Please note! Course description is confirmed for two academic years, which means that in general, e.g. Learning outcomes, assessment methods and key content stays unchanged. However, via course syllabus, it is possible to specify or change the course execution in each realization of the course, such as how the contact sessions are organized, assessment methods weighted or materials used.

LEARNING OUTCOMES

After the course, the students have an overview of the main principles and methods of data mining and know how to apply them on real world problems.
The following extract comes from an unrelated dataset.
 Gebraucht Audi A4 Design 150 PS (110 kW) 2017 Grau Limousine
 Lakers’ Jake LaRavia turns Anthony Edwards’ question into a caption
They know the most fundamental pattern types and their search methods, including associative and graph mining, main approaches to cluster large-dimensional and heterogenous data, basic
concepts and techniques in social network analysis, web and text mining, and how to validate the data mining results.

Credits: 5

Schedule: 04.09.2023 - 13.12.2023

Teacher in charge (valid for whole curriculum period):

Teacher in charge (applies in this implementation): Wilhelmiina Hämäläinen

Contact information for the course (applies in this implementation): The responsible teacher of the course is senior university lecturer Wilhelmiina Hämäläinen (wilhelmiina.hamalainen@aalto.fi). The course assistants are Egor Eremin, Georgy Ananov, Hieu Nguen Khac, Lai Khoa, Paavo Reinikka, Vinh Nguyen Mai, and Yinjia Zhang.


CEFR level (valid for whole curriculum period):

Language of instruction and studies (applies in this implementation):

Teaching language: English. Languages of study attainment: English

CONTENT, ASSESSMENT AND WORKLOAD

Content
  • valid for whole curriculum period:

    The course covers fundamental data mining problems, such as pattern discovery, graph mining, and clustering different types of data. The main emphasis is in learning the basic principles of data mining and their application in practice, including method selection, validation, and scalablity issues.

Assessment Methods and Criteria
  • valid for whole curriculum period:

    Home assignments, project work, examination.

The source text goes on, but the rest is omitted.